=== DATASET RECORDS ===
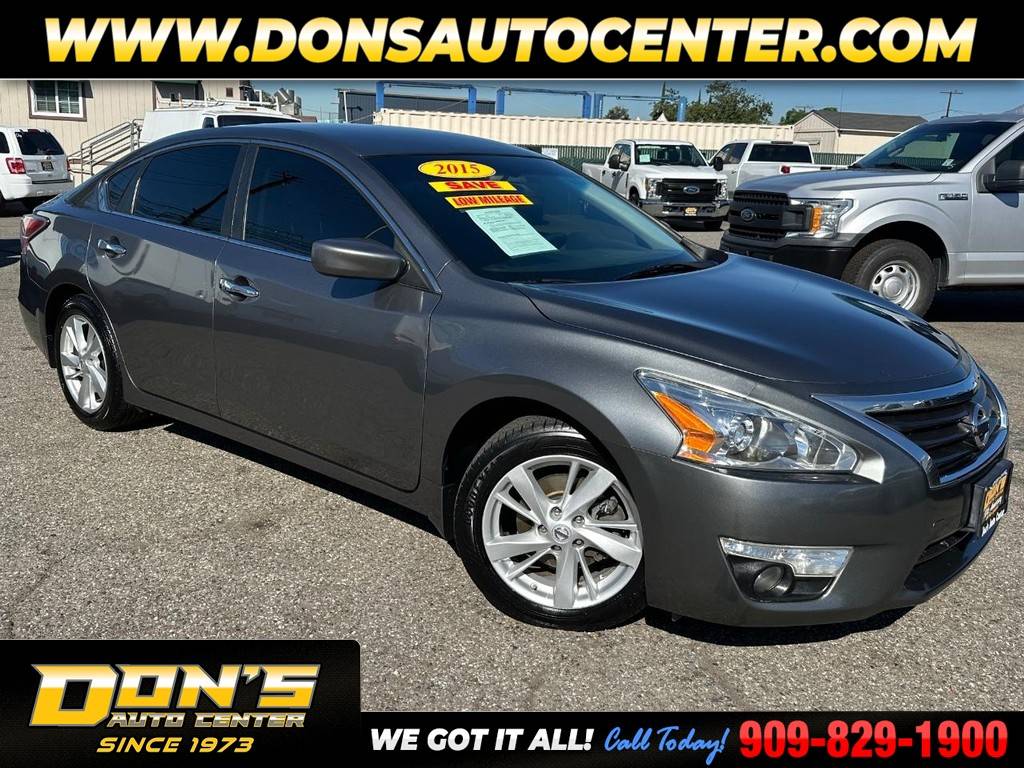 2015 Nissan Altima 2.5 SV — Sedan — 82,284 mi — Fontana, CA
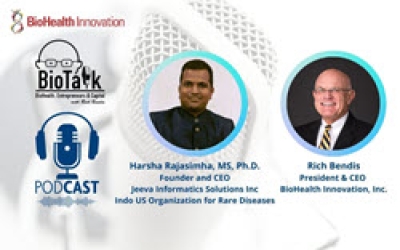 Navigating the Challenges of Rare Disease Research with Dr. Harsha Rajasimha on BioTalk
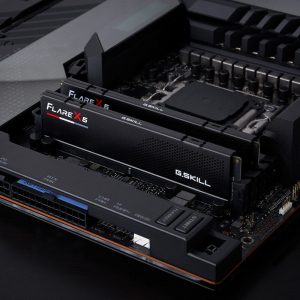 G.Skill Flare X5, DDR5-5600, CL36, AMD EXPO - 32GB Dual Kit, Black
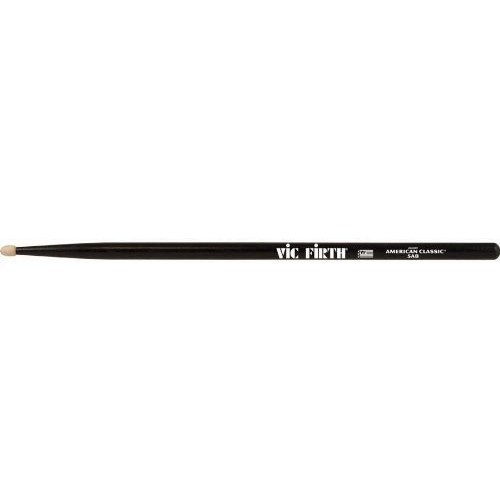 Vic Firth 5AB American Classic Black 5A Wood Tip Drumsticks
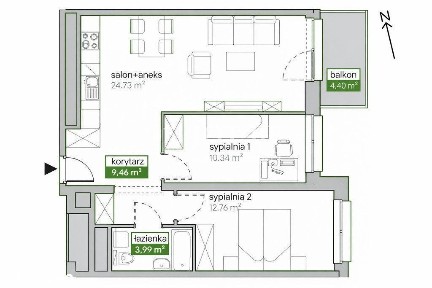 Świetna lokalizacja w centrum Wrocławia | Gotowe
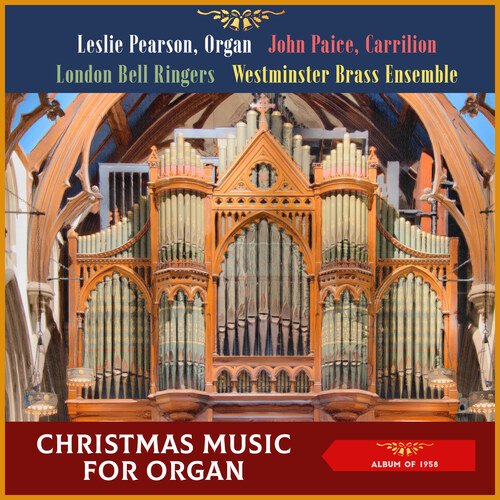 Christmas Music for Organ (Album of 1958)_poster_image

=== ABOUT THIS EXERCISE ===
Please print the entries above exactly. Skip every picture.

=== RESULT BELOW ===
 2015 Nissan Altima 2.5 SV — Sedan — 82,284 mi — Fontana, CA
 Navigating the Challenges of Rare Disease Research with Dr. Harsha Rajasimha on BioTalk
 G.Skill Flare X5, DDR5-5600, CL36, AMD EXPO - 32GB Dual Kit, Black
 Vic Firth 5AB American Classic Black 5A Wood Tip Drumsticks
 Świetna lokalizacja w centrum Wrocławia | Gotowe
 Christmas Music for Organ (Album of 1958)_poster_image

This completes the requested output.